National attention was first drawn to the plight of infants born alive during abortions by Jill Stanek, a nurse who testified before Congress in 2001 about her discovery that infants at Christ Hospital in Oak Lawn, Illinois were being left to die on a cold metal countertop in a hospital utility room.

In 2002, the federal BAIPA was enacted to end this practice. However, the law lacks criminal penalties, and the practice of killing or abandoning these infants continues with impunity. This fact was aptly demonstrated when over a decade later, Kermit Gosnell’s grisly abortion business was shut down because, among other crimes, he used scissors to cut the spinal cords of struggling born-alive infants.

And now, through an undercover investigation, horrific evidence has surfaced that some Planned Parenthood affiliates may be intentionally permitting babies to be born alive and intact during abortions, so that their organs may be harvested.

Even where the law is intended to protect them, the outlook is bleak for children born alive in a room full of people who intended the opposite outcome. This is, in part, because violations of laws explicitly protecting children born alive during abortions — like the federal BAIPA — cannot be prosecuted unless they are observed by law enforcement or reported and investigated.

Law enforcement will obviously not observe a crime that occurs in a clinic or hospital operating room. Importantly, even if the discarded body of a tiny victim is later discovered, it may be impossible to prove the child was born alive.

The actual reporting and investigation of a violation of BAIPA has also proven unlikely.  No prosecutions can follow non-existent investigations. Sadly, the Gosnell prosecution was an anomaly.

Abortionists and their staffs are hired to terminate pregnancies. Women having abortions ostensibly do so of their own volition.  No one attending an abortion has an interest in helping a child who, after surviving the most traumatic delivery imaginable, is in need of immediate and sometimes intensive medical care.

To effectively protect these children, laws across the country need adequate enforcement options, and Congress has the opportunity to take the lead in ensuring they have them. President Obama, who has attempted to distance himself from his role in defeating a born-alive infant protection measure in Illinois, should be pressured to sign a law that at the very least includes strong penalties for violators of the federal BAIPA.

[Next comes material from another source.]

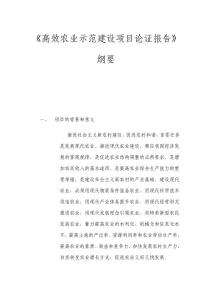 高效农业示范建设项目论证报告.doc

Abortion workers also need to know that they can report violations to law enforcement — in fact, it is their ethical and legal duty to do so. If nurses, physician’s assistants, and other healthcare workers do not speak up, a born-alive infant has no voice — no one to prevent a Gosnell-style snip of the spinal cord or abandonment to death on a cold utility room table.

Infants born through attempted abortions are not a commodity. Abortionists have a financial incentive to kill or permit these babies to die, and to harvest organs from their tiny broken bodies. But this practice is illegal, unethical, and deeply disturbing.

In a country that prides itself on ensuring equal protection of the law, it is astounding how differently medical challenges are handled upon the arrival of a child wanted by his or her parents. For these children, a team of medical professionals is ready to perform extraordinary measures if necessary to preserve and protect their lives.

Every child deserves this welcome, but not every child gets it. When an infant is born alive during abortion there are no smiles, no cheers, no happy declarations of 10 fingers and 10 toes. Instead, there is panic, disbelief, fear, and confusion.

Sadly, we cannot legislate joy. We can do more, however, to ensure that infants born into these horrific circumstances are given a fighting chance to thrive in a world that says a baby is not welcome unless it is “wanted.”

Attorney Mary Harned is staff counsel at Americans United for Life and formerly served as Chief Counsel to U.S. Senator Tom Coburn (R-Okla).